E é a única peça museológica existente no Museu do Amanhã, explicou-nos Bruch.
“Não somos um museu de contemplação, mas um museu que instiga perguntas”, disse ele.
E quantas perguntas somos capazes de formular a partir daquele pequeno pedaço de madeira.
Já dizia meu velho pai que não se dorme um dia sem ter aprendido algo novo. Ali estava eu, com as minhas caraminholas em polvorosa, refletindo e aprendendo muita coisa. Quando nos reunimos em torno de uma mesa, com água e café, foi o momento de ouvir ainda mais.
Para começar, sobre os conceitos diferenciados de museus. Marcio Ferreira representando um “museu de território”, a Reserva Natural Vale, 23 mil hectares de Mata Atlântica praticamente intactos em Linhares, no Espírito Santo; Daniel Bruch à frente de um “museu de ciências” que se autodenomina como “um ambiente de ideias, explorações e perguntas”.
Sem lugar à mesa, mas presente em nossas conversas, estavam os museus tradicionais, com objetos e obras de arte e pintura que nos levam a… contemplar.
Conversa vai, conversa vem, a folhas tantas Marcio Ferreira, desde sempre ligado às árvores e aos bichos que compõem nosso meio ambiente, olhando pela janela identificou, nos jardins do Museu, uma árvore Aroeira: “É a árvore que dá a pimenta rosa!”
E lá estávamos nós transportados para o Espírito Santo, já que a Aroeira é uma espécie muito presente no litoral capixaba. E tem sido bastante exportada para outros países.

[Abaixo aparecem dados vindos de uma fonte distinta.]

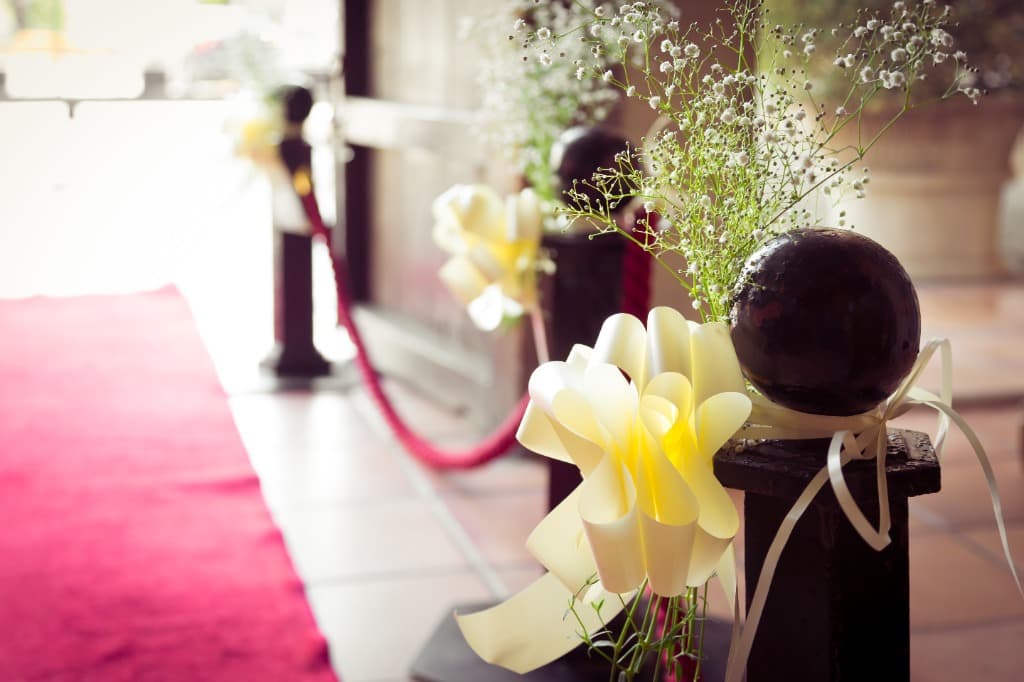 Alfombra roja de ceremonia con lazo y flores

A conversa fluía como fluem os pensamentos derivados de bons propósitos. E de pessoas ricas em ideias. Em pouco tempo, os dois museus, através de seus representantes, já estavam costurando formas de se conectarem. Tecnologia daqui, cuidados ambientais de lá, o bordado vai ficando ainda mais garboso porque há boas parcerias institucionais e elas são sempre bem-vindas. Alvíssaras!

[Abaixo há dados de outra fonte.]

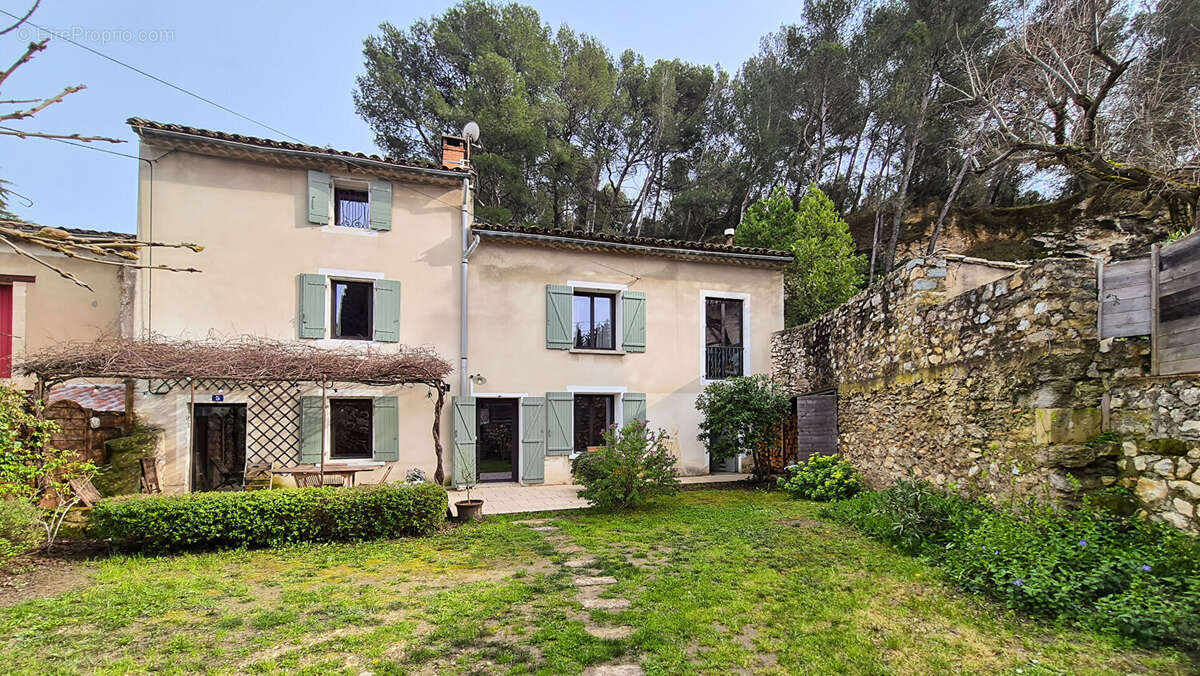 Maison à BARBENTANE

Plenamente alimentados os pensamentos, a hora do almoço chegava e nos fazia querer nutrir também o corpo.
Fomos convidados a degustar uma refeição paraense da mais alta qualidade na Casa do Saulo, ali no espaço do Museu. Nossa conversa prosseguiu, animadamente cercada por iguarias como arroz com jambu, banana da terra assada, mapará grelhado, farofa de mandioca, humus de feijão… Ainda agora me vem água na boca ao lembrar dos sabores. Não pedi sobremesa porque já estava plenamente satisfeita, mas cá estou eu aqui a pensar no que perdi…
Hora de partir, para diminuir um pouco a minha pegada de carbono, que num dos dispositivos do Museu do Amanhã vi que está alta, peguei o excelente VLT, de novo o Metrô e de novo o táxi.
É um passeio imperdível, que aparentemente os criocas já estão dando o valor devido: só nesses quatro meses de 2023, 300 mil pessoas visitaram o Museu do Amanhã. Pretendo voltar mais e mais vezes, porque ainda me sobraram caraminholas…
Enquanto isto, vou ali a Linhares na semana que vem para conhecer a Reserva. Conto tudo na volta!